- What the task requires
Which lines in the data below contain the string "Women"? Show each one.

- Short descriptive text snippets
○ ○ ○

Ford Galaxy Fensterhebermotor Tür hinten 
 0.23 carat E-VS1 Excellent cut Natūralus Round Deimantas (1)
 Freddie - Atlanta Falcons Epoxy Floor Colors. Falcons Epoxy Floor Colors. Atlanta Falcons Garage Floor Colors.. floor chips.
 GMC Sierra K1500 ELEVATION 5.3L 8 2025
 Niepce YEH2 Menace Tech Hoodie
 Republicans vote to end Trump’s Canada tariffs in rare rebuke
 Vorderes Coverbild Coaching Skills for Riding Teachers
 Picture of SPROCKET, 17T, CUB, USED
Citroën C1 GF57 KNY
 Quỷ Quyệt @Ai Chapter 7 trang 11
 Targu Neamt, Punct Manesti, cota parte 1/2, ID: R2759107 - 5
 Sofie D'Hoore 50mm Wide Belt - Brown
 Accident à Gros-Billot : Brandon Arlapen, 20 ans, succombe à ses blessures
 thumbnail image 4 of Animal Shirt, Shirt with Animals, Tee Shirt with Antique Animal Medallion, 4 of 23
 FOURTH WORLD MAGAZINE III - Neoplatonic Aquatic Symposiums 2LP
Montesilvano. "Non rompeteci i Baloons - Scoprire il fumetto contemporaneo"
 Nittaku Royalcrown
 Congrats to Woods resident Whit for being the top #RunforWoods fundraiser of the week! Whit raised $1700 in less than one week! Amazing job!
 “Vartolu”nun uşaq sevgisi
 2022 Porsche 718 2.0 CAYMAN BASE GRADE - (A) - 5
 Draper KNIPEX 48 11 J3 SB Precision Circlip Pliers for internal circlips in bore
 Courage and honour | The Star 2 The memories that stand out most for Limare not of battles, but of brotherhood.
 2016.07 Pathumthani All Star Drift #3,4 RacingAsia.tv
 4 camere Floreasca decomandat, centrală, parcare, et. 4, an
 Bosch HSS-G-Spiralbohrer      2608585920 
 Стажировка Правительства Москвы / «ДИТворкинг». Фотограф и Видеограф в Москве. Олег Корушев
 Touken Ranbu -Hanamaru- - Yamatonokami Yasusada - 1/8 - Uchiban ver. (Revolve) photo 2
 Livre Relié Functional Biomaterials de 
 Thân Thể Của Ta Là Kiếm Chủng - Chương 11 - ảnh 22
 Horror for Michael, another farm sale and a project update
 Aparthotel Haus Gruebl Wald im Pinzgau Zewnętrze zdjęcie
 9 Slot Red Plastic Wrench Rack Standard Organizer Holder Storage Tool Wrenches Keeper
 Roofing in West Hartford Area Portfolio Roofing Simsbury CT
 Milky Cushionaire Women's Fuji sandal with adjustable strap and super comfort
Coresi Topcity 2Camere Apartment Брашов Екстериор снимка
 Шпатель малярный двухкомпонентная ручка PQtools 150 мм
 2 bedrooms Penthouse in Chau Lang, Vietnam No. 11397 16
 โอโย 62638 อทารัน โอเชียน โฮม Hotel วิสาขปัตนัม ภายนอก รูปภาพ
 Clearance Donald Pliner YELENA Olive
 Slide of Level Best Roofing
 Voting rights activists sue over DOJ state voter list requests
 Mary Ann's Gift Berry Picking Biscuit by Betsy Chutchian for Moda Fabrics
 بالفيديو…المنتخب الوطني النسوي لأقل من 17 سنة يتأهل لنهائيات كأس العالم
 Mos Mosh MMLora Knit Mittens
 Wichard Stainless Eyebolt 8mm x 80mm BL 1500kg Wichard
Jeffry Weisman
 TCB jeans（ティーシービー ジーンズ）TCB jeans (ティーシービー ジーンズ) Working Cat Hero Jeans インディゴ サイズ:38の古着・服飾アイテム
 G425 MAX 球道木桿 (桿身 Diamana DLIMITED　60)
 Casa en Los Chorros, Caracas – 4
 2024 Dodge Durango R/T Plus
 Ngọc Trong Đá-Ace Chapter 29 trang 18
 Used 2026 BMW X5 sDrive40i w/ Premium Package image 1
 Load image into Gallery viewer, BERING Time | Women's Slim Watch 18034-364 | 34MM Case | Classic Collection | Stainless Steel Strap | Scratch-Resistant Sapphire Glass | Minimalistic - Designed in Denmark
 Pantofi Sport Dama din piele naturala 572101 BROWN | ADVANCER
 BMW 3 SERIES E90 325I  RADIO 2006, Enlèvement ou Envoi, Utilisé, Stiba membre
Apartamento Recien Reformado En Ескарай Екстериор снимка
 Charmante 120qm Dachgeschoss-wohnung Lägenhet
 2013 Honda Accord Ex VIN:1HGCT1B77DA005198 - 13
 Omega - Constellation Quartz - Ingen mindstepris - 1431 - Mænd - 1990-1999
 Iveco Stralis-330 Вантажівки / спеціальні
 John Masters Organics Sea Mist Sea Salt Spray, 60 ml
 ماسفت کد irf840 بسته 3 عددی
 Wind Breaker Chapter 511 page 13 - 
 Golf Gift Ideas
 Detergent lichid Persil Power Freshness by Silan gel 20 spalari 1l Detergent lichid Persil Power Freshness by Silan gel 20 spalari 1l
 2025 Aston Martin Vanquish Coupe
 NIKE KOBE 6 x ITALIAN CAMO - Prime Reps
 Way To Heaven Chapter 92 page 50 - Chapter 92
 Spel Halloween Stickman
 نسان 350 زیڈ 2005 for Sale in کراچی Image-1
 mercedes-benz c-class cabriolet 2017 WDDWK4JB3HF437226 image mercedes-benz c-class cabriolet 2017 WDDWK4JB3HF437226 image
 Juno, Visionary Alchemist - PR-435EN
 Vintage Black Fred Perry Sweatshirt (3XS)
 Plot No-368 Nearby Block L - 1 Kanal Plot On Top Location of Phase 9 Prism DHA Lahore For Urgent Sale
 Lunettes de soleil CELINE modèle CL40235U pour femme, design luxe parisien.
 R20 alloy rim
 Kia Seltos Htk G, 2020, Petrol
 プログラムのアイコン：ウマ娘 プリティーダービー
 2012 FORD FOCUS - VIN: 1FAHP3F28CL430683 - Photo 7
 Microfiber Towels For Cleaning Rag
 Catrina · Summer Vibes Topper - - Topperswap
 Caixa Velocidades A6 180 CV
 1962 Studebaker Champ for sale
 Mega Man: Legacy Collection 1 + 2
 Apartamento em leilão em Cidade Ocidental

○ ○ ○

- Answer for this exercise
 Milky Cushionaire Women's Fuji sandal with adjustable strap and super comfort
 Load image into Gallery viewer, BERING Time | Women's Slim Watch 18034-364 | 34MM Case | Classic Collection | Stainless Steel Strap | Scratch-Resistant Sapphire Glass | Minimalistic - Designed in Denmark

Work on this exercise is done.